La 59e édition de la biennale de Venise se tient depuis le 23 avril et jusqu’au 29 novembre, célébrant 127 ans d’existence. Après un report d’un an lié à la pandémie, on se réjouit de retrouver l’effervescence artistique du plus grand et prestigieux événement mondial autour de l’art contemporain. Cecilia Alemani en est la commissaire, sous la présidence de Roberto Cicutto. La première édition de la biennale d’art de Venise a été initiée par le conseil municipal de la ville en l’honneur des 25 ans de mariage du roi Humbert 1 et de Marguerite de Savoie. Elle s’est tenue d’avril à octobre 1895, avec déjà, à l’époque, des attributions de prix pour récompenser les artistes. Pour l’occasion, le maire avait commandé un bâtiment dans les Giardini, sur lequel ont travaillé plusieurs architectes, bâtiment bientôt complété par les pavillons nationaux établis au fil du temps, dessinant une architecture plurielle. Depuis 1999, l’ancienne corderie de l’Arsenale est devenue un nouveau lieu d’exposition complémentaire aux Giardini.

Une sélection engagée en faveur des femmes et des talents émergents

L’exposition officielle est à découvrir à travers les deux lieux dédiés que sont donc les Giardini de la biennale qui regroupent tous les pavillons nationaux – le pavillon russe étant, circonstances oblige, fermé – autour d’un pavillon central qui dévoile une sélection guidée par le thème de cette édition : the milk of dreams. Le deuxième lieu d’exposition est  l’Arsenale, à quelques pas des Giardini, avec des espaces monumentaux pour des installations et œuvres fortes. Un total de plus de 1400 œuvres réalisées par plus de 200 artistes de 58 pays, dont 80 % de femmes, témoigne de la richesse de la sélection, d’autant que 180 de ces artistes n’ont jamais figuré précédemment dans une exposition internationale. La biennale fait ainsi la part belle à la découverte de talents émergents.

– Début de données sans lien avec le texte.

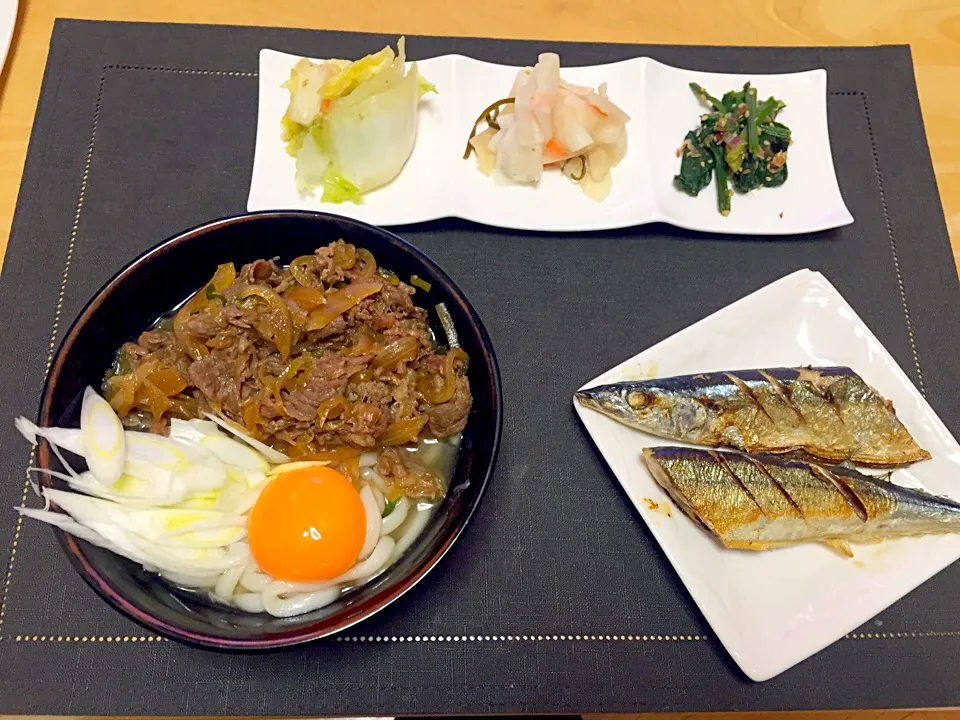 Snapdishの料理写真:⚪️長ネギたっぷり肉うどん
⚪️さんま
⚪️白菜浅漬け、大根、ほうれん草|ミソジーヌさん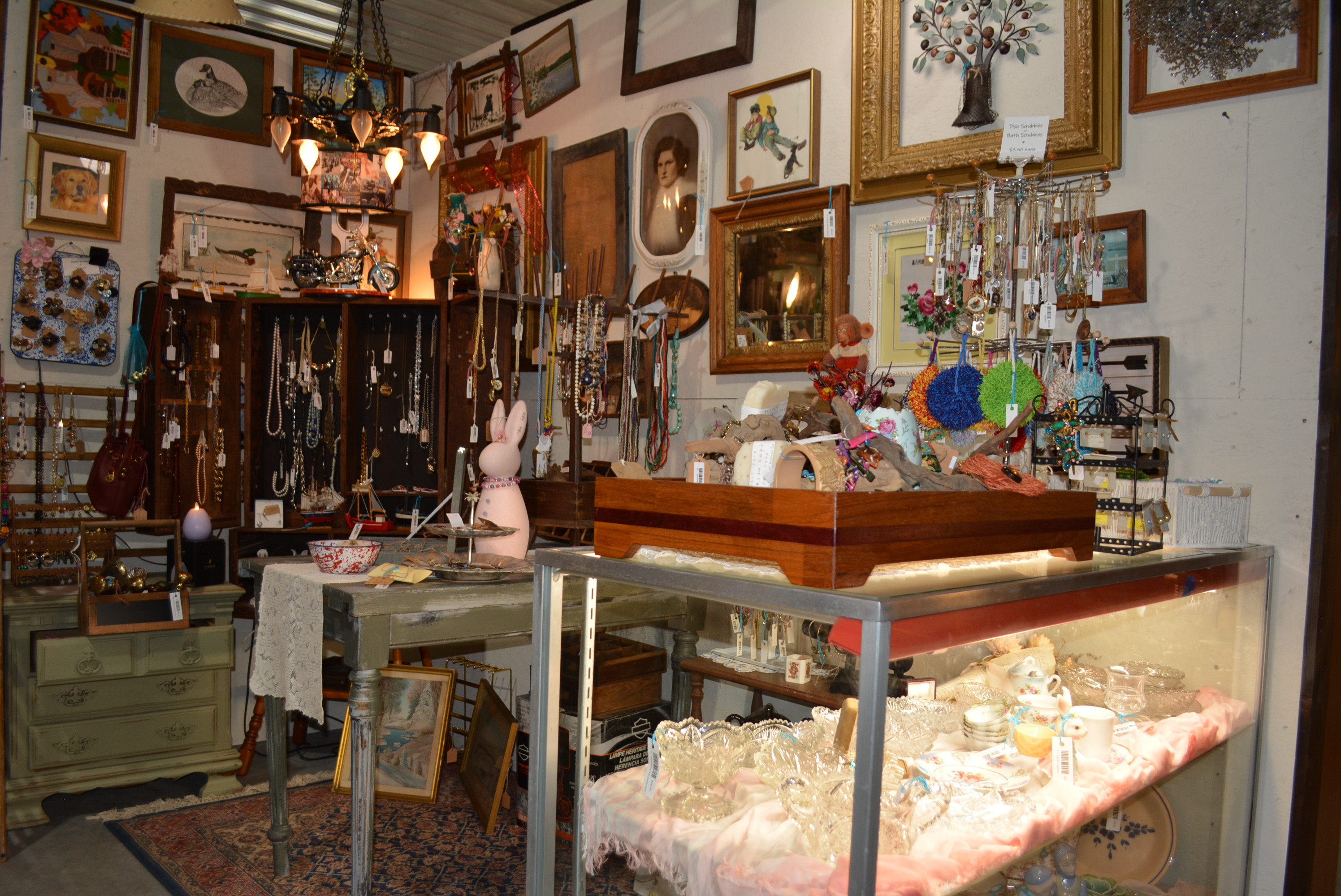 Inside Ole Vintage Finds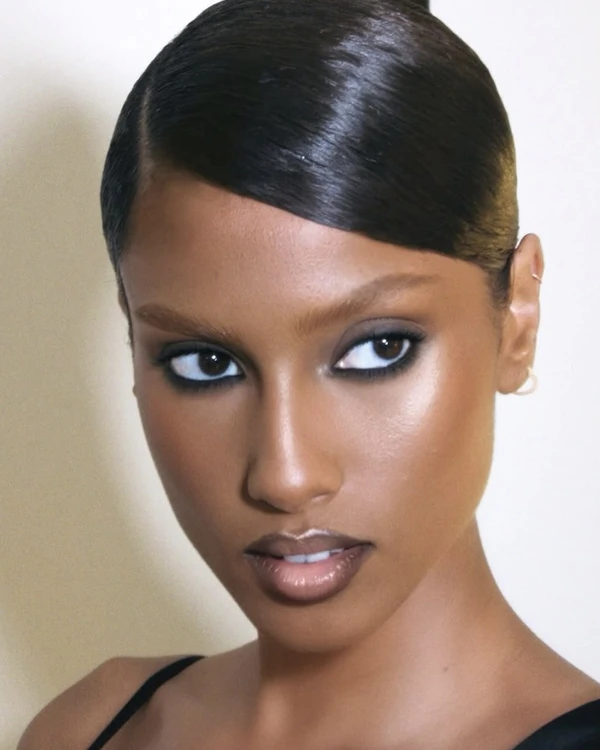 <a href="https://www.instagram.com/p/DJe6IrRshPC/?img_index=1">Naima Bremer</a>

Le thème de la sélection de la biennale 2022

La commissaire Cecilia Alemani s’est référée au titre de l’ouvrage de la peintre surréaliste Leonora Carrington pour définir le fil conducteur de cette sélection : the milk of dreams, un voyage dans l’imaginaire onirique et fantasmagorique où la création féminine est particulièrement mise à l’honneur. Un mystérieux conte de fées dans le Mexique des années 50 qui dessine les traits d’un monde émancipé des carcans identitaires, ouvert sur un infini d’horizons possibles, a ainsi inspiré les choix artistiques de cette 59ème biennale. Un monde où les identités sont plastiques, non définies, fluctuantes au gré de l’imagination. Trois thèmes déclinent le fil directeur surréaliste du « lait des rêves » :

– la représentation du corps et sa métamorphose

– les liens entre individualité et technologie

– les liens entre les corps et l’environnement

Qu’est-ce qui définit et spécifie l’humain, au regard du non-humain, au regard de son environnement, et à travers sa transformation ? Le parcours à travers la création artistique est un pas de côté à l’égard de l’anthropocentrisme, un questionnement en écho à une période marquée d’incertitude et d’instabilité.

Le palmarès de la 59ème biennale de Venise

Lors de l’inauguration de cette 59e biennale, le jury à dévoilé un palmarès engagé avec six femmes sur les sept lauréats, et deux Lions d’Or attribués à deux artistes noires : Simone Leigh représentée au pavillon américain et sélectionnée à l’exposition principale sur le site de l’Arsenale, ainsi que Sonia Boyce représentée au pavillon britannique. Deux Lions d’Or pour l’ensemble de leurs carrières ont été attribués à Katharina Fritsch et Cecilia Vicuña. Le Lion d’argent a été décerné à l’artiste libanais Ali Cherri, dont le film d’un récit où l’histoire d’un barrage soudanais se mêle à la mythologie est présenté à l’Arsenale. Deux mentions spéciales récompensent les pavillons nationaux, honorant l’artiste présentée au pavillon français, Zineb Sedira, dont l’installation est un hommage au cinéma émancipateur, et L’artiste ougandaise Acaye Kerunen pour ses sculptures textiles. Deux autres mentions spéciales récompensent les artistes sélectionnés pour l’exposition principale : les lauréats sont l’artiste américaine Lynn Herschman Leeson pour une expérimentation soumettant le portrait à l’intelligence artificielle, et l’artiste inuit Shuvinai Ashoona pour ses dessins aux couleurs des représentations culturelles de son peuple. On se rappellera que parmi les lauréats des éditions précédentes figurent Georges braque, Robert Rauschenberg, JasperJohns, Anish Kapoor, Louise Bourgeois, Gerhard Richter, Fabrice Hyber, Yoko Ono, John Baldessarri… La sélection française des précédentes éditions a mis à l’honneur Daniel Buren, César, Annette messager, Sophie calle, Claude Lévêque, Christian Boltanski, Céleste Boursier–Mougenot, Xavier Veilhan, ou encore Laure Prouvost.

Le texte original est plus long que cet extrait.